I am well-read enough to have a basic grasp of the Theory of Evolution and an understanding of the fossil evidence behind it. I am ALSO well read-enough to figure that global warming is ludicrous BECAUSE I have a basic grasp of science's view of how incredibly old and tough this earth is, and that our time so far on it has been less than a smidgen of a smidgen of a blink of an eye -- I am also a Christian who believes in God and is in awe of the wonder that was/is Jesus Christ.

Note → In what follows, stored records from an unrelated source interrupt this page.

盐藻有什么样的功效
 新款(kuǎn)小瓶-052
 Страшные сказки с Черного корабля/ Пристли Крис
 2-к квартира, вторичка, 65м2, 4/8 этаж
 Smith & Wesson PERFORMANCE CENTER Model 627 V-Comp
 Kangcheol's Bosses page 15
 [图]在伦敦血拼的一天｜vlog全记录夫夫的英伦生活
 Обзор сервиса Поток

What I'm trying to say is that the same irrational thinking that endorses the idea that we are on the way to "destroying the planet" is of the same ilk that DENIES evolutionary science. The two factions just happen to have differing political/prideful motivations. If you're going to believe in Global Warming, then you must ALSO tend to believe in Creationism; if you understand truly WHY the scare mongering/guilt trip within global warming claims is such crap, then you also understand why those who deny the validity of evolutionary theory on the basis of religion are following a false path. "Global warming zealots" are the same mindset as anti-Evolution zealots when it comes right down to it -- they just can't handle the science or injury it inflicts on their pride and vanity.
1) We don't use the "L" word. Do it again and I'll have you banned.
2) Show where wyattearp has insulted anyone. Questioning God or a given religion is NOT an insult.